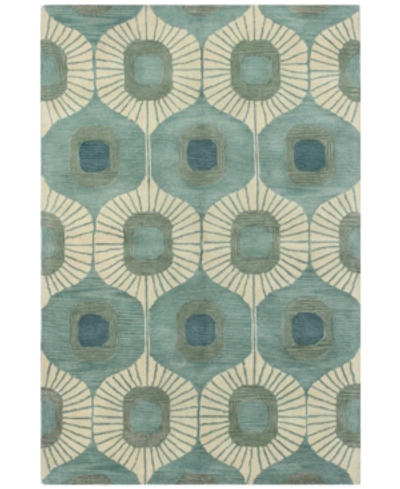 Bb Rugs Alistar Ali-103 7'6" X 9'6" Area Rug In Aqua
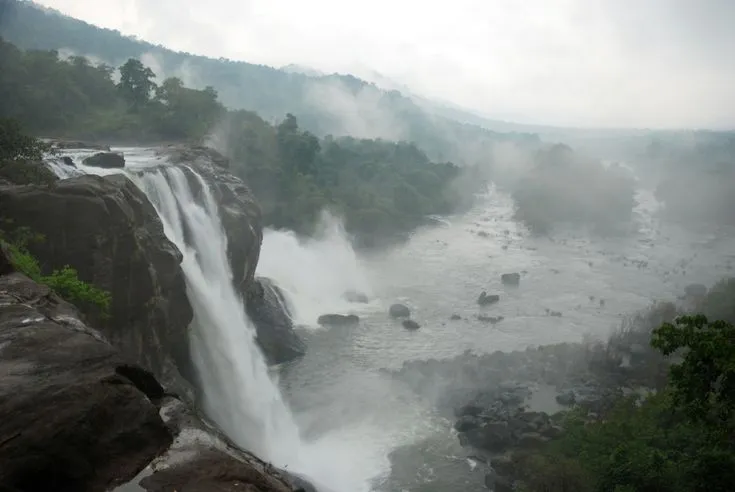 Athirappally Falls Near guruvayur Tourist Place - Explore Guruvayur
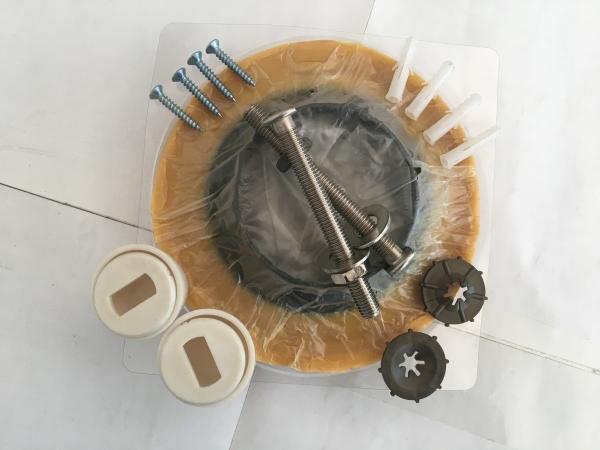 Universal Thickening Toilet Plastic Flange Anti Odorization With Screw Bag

---

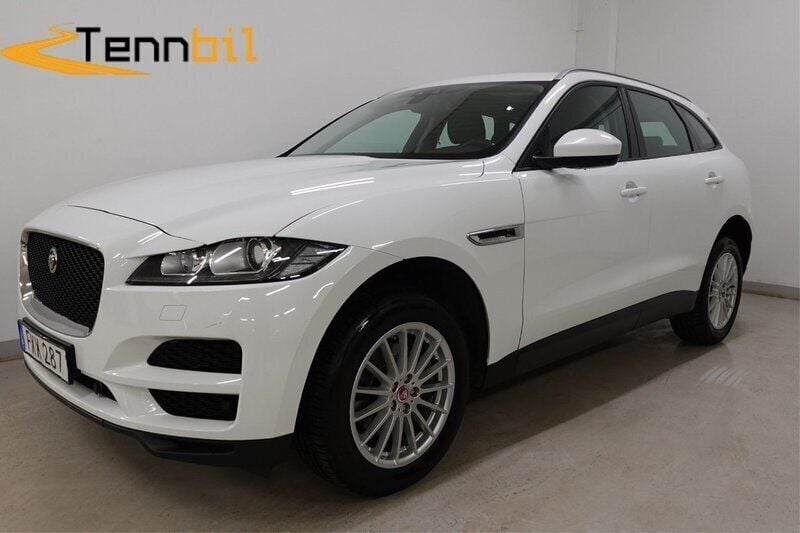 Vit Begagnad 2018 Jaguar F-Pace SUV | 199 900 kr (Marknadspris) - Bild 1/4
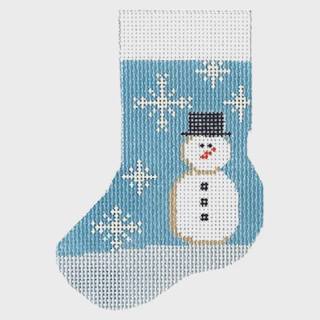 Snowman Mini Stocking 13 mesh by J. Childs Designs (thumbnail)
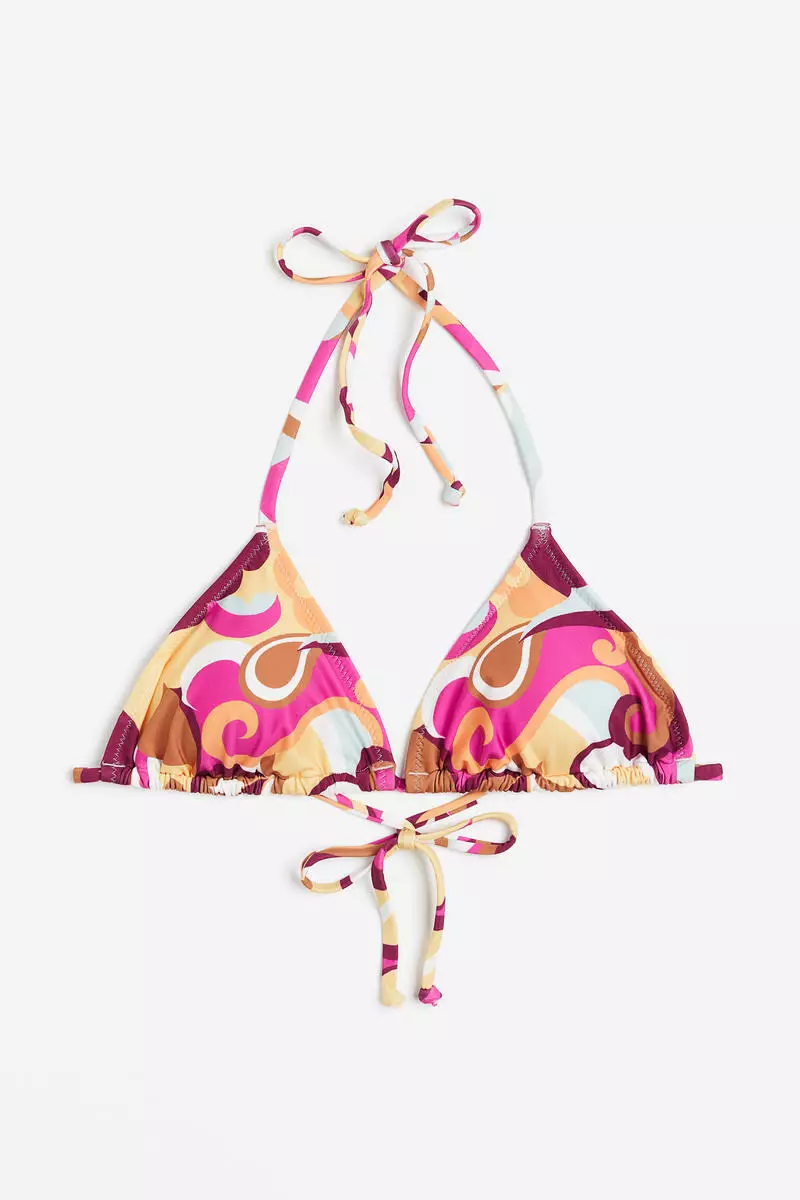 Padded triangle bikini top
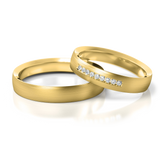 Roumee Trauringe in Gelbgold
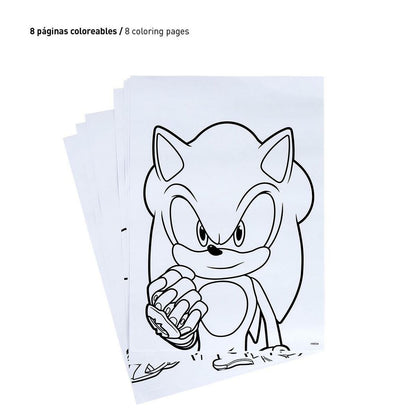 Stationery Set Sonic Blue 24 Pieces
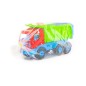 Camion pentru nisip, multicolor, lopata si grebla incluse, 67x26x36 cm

TASK INSTRUCTIONS:
Please copy the lines above exactly, starting at the line that holds "Stationery Set Sonic Blue 24 Pieces" and ending at the line that holds "Camion pentru nisip, multicolor, lopata"; include both, but no pictures.

SOLUTION FOR THIS TASK:
 Stationery Set Sonic Blue 24 Pieces
 Camion pentru nisip, multicolor, lopata si grebla incluse, 67x26x36 cm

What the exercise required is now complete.